The crucial issues now are on how the issues
changed from seeking allotments of nazul shops on
lease, under the Nazul Shops Rules but
subsequently ’freehold’ rights being granted on
nazul estates? Can this be done?
Now the perspective of the cases are changing."
The Division Bench noted that the issue initially arising for decision
was: Are the petitioners entitled to receive a grant as a lease of shops
which are nazul properties and governed under the Nazul Shop Rules?

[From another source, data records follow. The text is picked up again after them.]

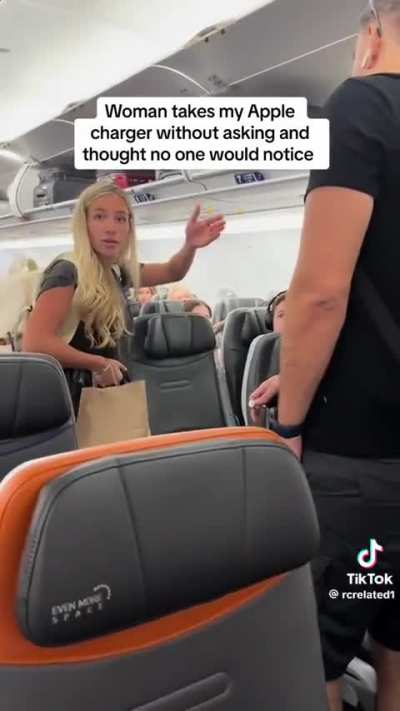 Woman steals phone charger before boarding a flight and gets called out by guy she stole it from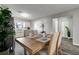 Dining room with a plant, a window, and a wooden table with four chairs at 3111 W Douglas St, Tampa, FL 33607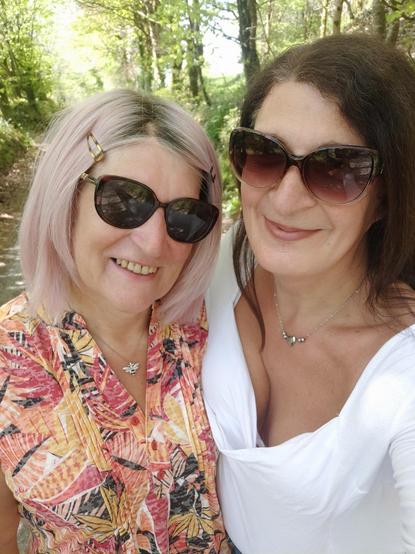 A selfie of two women walking in the country sidd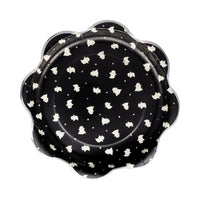 Isolated hero shot of single 10-inch Boo Ghost Scatter plate on pure-white background. Eight-petal scallop rim edged in subtle holographic foil; deep black center sprinkled with dozens of cute ivory ghosts drifting among reflective confetti, evoking starlit sky. Slight drop shadow shows rigid 400 gsm thickness able to hold chili, sandwiches, or cupcakes without sagging. High-resolution image showcases pattern density, foil sheen, and playful design perfect for mix-and-match Halloween party setups.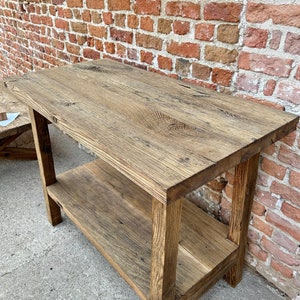 May include: A rustic wooden table with a shelf. The table is made of reclaimed wood and has a natural finish. It is perfect for a farmhouse or industrial style home.
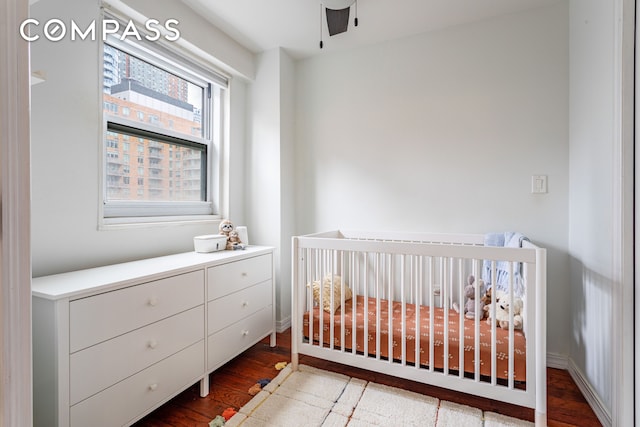 191 Willoughby St Unit 8J, New York City, NY 11201 - bedroom with wood finished floors, a nursery area, a ceiling fan, and baseboards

And, the answer of the State administration was: ’No’. The Division
Bench observed that the subsequent allotment as freehold in favour of
Rafiqunnisa was ’managed’. And this led the Division Bench on
embarking upon very wider issues of far reaching implications. Some
of the questions which the Division Bench entered into examining are
noted in the judgment itself; to wit, they are: (1) What is the concept
of nazul properties or estate? (2) What are the laws which relate to
government grants? (3) How did the State come to possess the land
which it could made available as a grant on certain terms and
conditions? (4) Who possesses lands for which there is no owner and
lands which are heirless?
A bare reading of the impugned judgment shows that at no
point of time the three writ petitions seeking enforcement of certain
private rights were converted into public interest litigations nor did the
Court suo motu or otherwise initiate and register any independent
proceedings by way of public interest litigation putting the State or
anyone else to notice of its desire of enlarging the scope of hearing in
writ petitions and entering upon larger issues of general importance,
public significance and far reaching implications. The Division
Bench seems to have just diverted the course of hearing as if on to a
highway, abandoning the bye lanes, and, enlarging the dimension of
hearing without specifically putting the parties and others concerned
on notice. Certain queries seem to have been posed to the learned
Chief Standing Counsel for the State of U.P., who, obviously for want
of instructions, pleadings and documents, felt handicapped in
responding. This state of affairs is writ large from the following
passage occurring in the judgment:
"On one aspect there is no issue that these shops
are on nazul land and nazul property originally
managed by the then Municipal Board as managers
to the State of U.P. Specifically sight of the rules
ought not to be forgotten. The rules are known as
"Rules for the Grant of Leases of Sabji Mandi
Shops in the Allahabad District (Nazul Shops).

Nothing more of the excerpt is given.